If all else had followed the actual pattern of recent decades, but the number of ordinations to the priesthood had not decreased, then the Church, instead of worrying about the increasingly urgent concerns brought about by the very real shortage of priests, would have been gradually filling itself with men who should not have been ordained. A logical corollary of such a situation is that those men should not have been accepted for training. Thank God we are where we are rather than in that hard to imagine situation.
It may be easy for me, as a person who does not have a vocation to the priesthood, to imagine that I might be turned away from any thought of becoming a priest by my own take on the public perception of the priesthood today. If, in the wake of so many image-shattering scandals, I made the assumption that most people see any member of the clergy as a potential paedophile, I would find it well nigh impossible to place myself in such a position, and therefore am not surprised at the present situation. But I can never accurately assess what I have not experienced. I do not have a vocation to the priesthood, but my own experiences in the growth of my spiritual life tell me that I can gain nothing by using my imagination in the above way. I know that apparently minor and even insignificant things can have not only negative consequences, whether real or imagined, but profound and lasting effects on one’s outlook, confidence, and ability to rise above unfavourable attitudes and false accusations. I can only imagine how powerful a genuine vocation must be in the life of a priest, both before and after ordination, but the comparatively little I know tells me that persons called by God in that way will be able to follow their path regardless of any such widespread concerns. Their vocations are unstoppable. Their potential for good is immense, and much of their power is for the awakening of others to the experience of God’s presence; for disturbing them, and leading them to an encounter that will bring into the open their own calls to participate in a renewed consciousness that we are all essential parts of Christ’s Church. Every one of us is called, and each of us is graced and blessed with the gifts we need to achieve the intended fulfilment of our call. But answering the call will probably be discomforting; disquieting; challenging; but always inspiring.
Those words were written for priests and for those studying for the priesthood, but they apply to all of us. The greater involvement of the laity is as unstoppable as the vocations of priests. Recognizable vocations have so drastically reduced in number over the years, but the answer to most of the Church’s dilemmas lies in an inspired and fully awakened harmony between the ordained priesthood and a spiritually mature and committed laity.
It disappoints and worries me to be made aware, through my present thoughts, that in the intervening years so little seems to have changed for the better.

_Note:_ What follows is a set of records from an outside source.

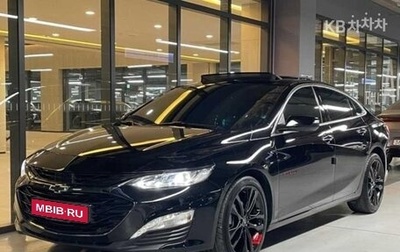 Chevrolet Malibu IX, 2021 год, 1 660 045 рублей, 1 фотография
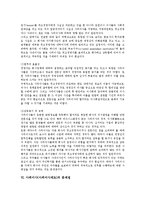 [사외이사, 사외이사제도] 사외이사(사외이사제도)의 정의, 도입배경, 도입목적과 사외이사(사외이사제도)의 장단점, 문제점 및 향후 사외이사(사외이사제도)의 개선 방안 분석(성공과 실패 사례)-5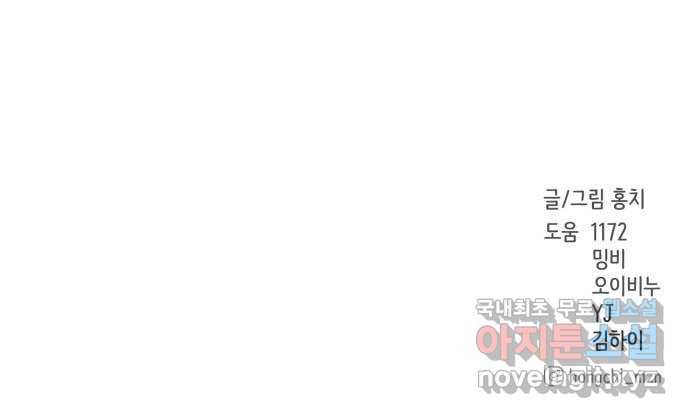 위대한 겸상 18화 54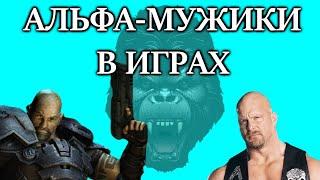 5 АЛЬФА МУЖИКОВ в видеоиграх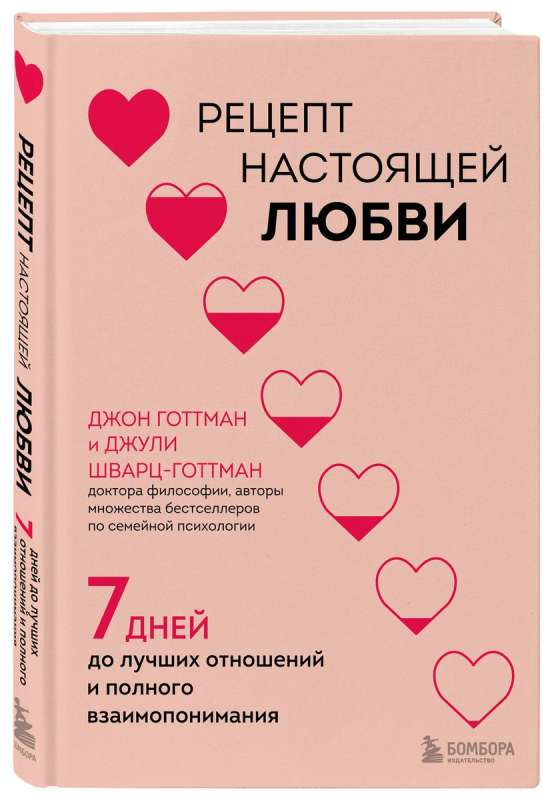 The Recipe for True Love. 7 Days to Better Relationships and Complete Understanding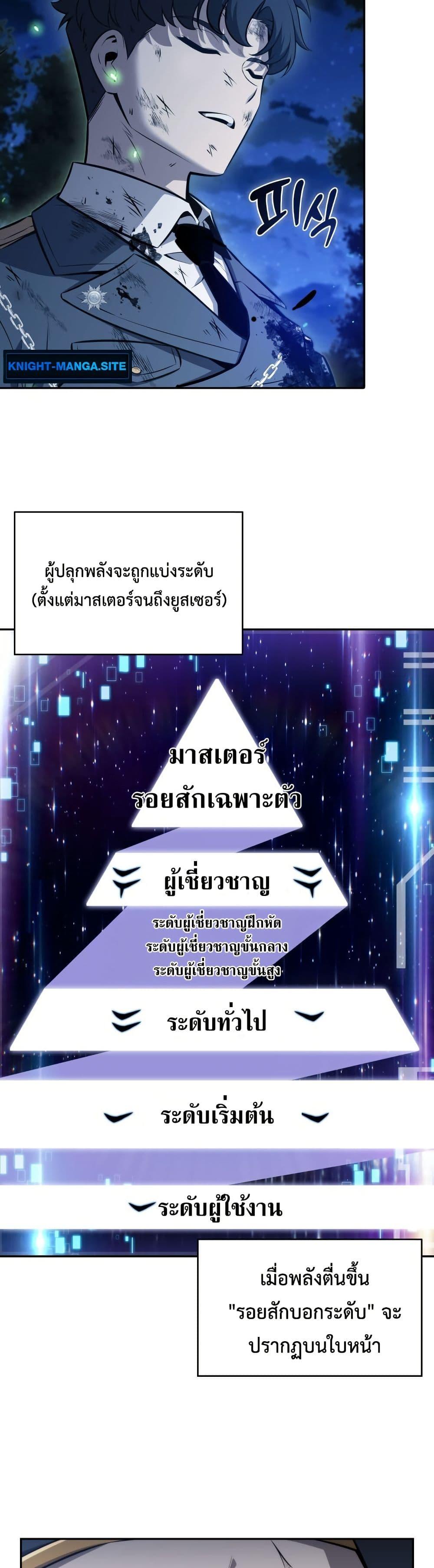 Manga-lc-com อ่านมังงะ อ่านการ์ตูน ออนไลน์ ฟรี The Chairman of Pharmaceutical Company is a Poison King ตอนที่ 1 2 3 4 5 6 7 8 9 10 11 12 13 14 ฟรี ไม่มีโฆษณา Manga-lc - อ่าน มังงะ อ่าน การ์ตูน ออนไลน์ อ่านมังงะ ฟรี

We still await something: a change of some sort which feels overdue, and which will surely come. But it is a change that will not truly manifest itself until those who are being called are ready to be caught up in it; it will not allow them to be left behind. Indeed if they are truly being called it will be impossible for them not to take their place. We should be longing for it; praying for it; standing ready and ever awake for it. It will be born of our belonging, nurtured in fellowship, and stirred into a powerful reality by our daring to speak of the half-buried promptings and unshakeable attractions which are unsettling so many of us today. It is not for tomorrow, next week or next year; now is the time for turning to each other, and recognizing the truth of Cardinal Newman’s words, ‘...we dare not trust each other with the secret of our hearts. We have each the same secret, and we keep it to ourselves, and we fear that, as a cause of estrangement, which really would be a bond of union.’
I have used those words more than once already among these pages, but they are never far from me. They have been circling around me since the day I first read them, after receiving them from a then barely known nun at Stanbrook Abbey. It was inevitable that they should return yet again in the present context, and that they should remind me of a potentially frightening willingness to give voice to my thoughts: a willingness which began to rise in me years ago but which took on a broader and more durable form when I began writing here.